This week, we welcome back Joel Salatin to the podcast. Labeled by The Washington Post as "the most famous farmer in America", Joel has spent his career advocating for sustainable farming practices and pioneering models that show how food can be grown and raised in ways that are regenerative to our topsoils, more humane to livestock, produce much healthier & tastier food, and contribute profitably to the local economy.
Who wouldn't want that?
Well, the government and Big Ag for starters. Joel refers to himself as a 'lunatic farmer' because so many of the changes he thinks our food system needs are either illegal under the current law or mightily resisted by the deep-pocketed corporations controlling production and distribution.

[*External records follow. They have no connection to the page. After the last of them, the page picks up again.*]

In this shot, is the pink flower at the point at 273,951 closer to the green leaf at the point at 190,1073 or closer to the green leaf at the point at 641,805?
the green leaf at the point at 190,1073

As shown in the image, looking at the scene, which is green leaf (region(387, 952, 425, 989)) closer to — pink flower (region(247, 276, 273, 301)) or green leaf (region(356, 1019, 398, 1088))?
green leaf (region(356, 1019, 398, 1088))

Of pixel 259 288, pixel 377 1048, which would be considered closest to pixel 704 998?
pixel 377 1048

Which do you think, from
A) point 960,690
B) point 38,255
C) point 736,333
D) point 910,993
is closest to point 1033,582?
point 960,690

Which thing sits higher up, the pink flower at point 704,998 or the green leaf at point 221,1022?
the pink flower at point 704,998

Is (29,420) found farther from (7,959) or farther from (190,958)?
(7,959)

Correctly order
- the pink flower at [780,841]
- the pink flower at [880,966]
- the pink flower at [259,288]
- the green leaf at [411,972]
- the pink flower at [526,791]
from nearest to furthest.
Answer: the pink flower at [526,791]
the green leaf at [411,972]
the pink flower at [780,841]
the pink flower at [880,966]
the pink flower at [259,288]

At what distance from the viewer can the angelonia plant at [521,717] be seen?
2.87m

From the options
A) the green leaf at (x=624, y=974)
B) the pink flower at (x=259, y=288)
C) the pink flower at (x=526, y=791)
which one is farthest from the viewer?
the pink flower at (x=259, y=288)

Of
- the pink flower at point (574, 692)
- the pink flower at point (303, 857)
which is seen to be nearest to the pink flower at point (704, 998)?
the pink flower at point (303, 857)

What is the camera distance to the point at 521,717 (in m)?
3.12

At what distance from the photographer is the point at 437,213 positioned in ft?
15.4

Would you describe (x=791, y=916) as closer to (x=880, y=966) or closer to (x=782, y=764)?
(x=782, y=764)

And this anti-competitive restriction and stifling of small sustainable food producers is only getting worse. While dismayed at this, Salatin finds hope in the burgeoning rebellion of the "rogue food" resistence breaking out:
I'm not optimistic at all about where the government and all its bureaucracy is headed. It is getting more and more stifling. The Food Safety Modernization Act (FSMA) that Obama put through, it's absolutely stifling. It's size prejudicial. It's putting an inordinate price pressure on smaller producers. That's a fact all the way across the board. And the cost of compliance is escalating -- the amount of paperwork, the amount of licensing, the amount of testing and procedural stuff that's happening on farms -- is through the roof.
So on the federal level, I think it's getting worse. Now, I think what's happening on the local level, the other thing that's a pushback that's happened, is what's now known as the food sovereignty movement. And that started in 2015 maybe, two or three years ago in Sedgewick, Maine. And that was a township that passed a half page food sovereignty law that said, in our township if a neighbor wants to do food commerce with another neighbor it's none of the governments business and no bureaucrat has to be involved. So if you want to come to my house, look around, smell around, and operate as freedom of choice, as voluntary adults, as consenting adults – and I'm using very strong language here – to practice your freedom of choice, then two consenting adults should be able to engage in food commerce without a bureaucrat being involved. Well, very quickly six other townships in Maine took up the mantra and passed the regulation, the law, as well.
Then, of course, Maine pushed back and said, no, you can't do that. And it continued to build in Maine until finally the legislature and the governor passed it and said, okay, if a township wants to do that it's okay with us. Well, then, the USDA quickly responded and said we're going to pull all of your federally inspected slaughter houses and food processing plants. Maine, you won't be able to sell to anybody because the federal government is pulling out if you do this. Then the governor called an emergency session. They went back in, and it's still being negotiated. It's a big hoo-ha. Believe me, there are a lot of us around the country that are watching what's going on in Maine, and we're very interested in it.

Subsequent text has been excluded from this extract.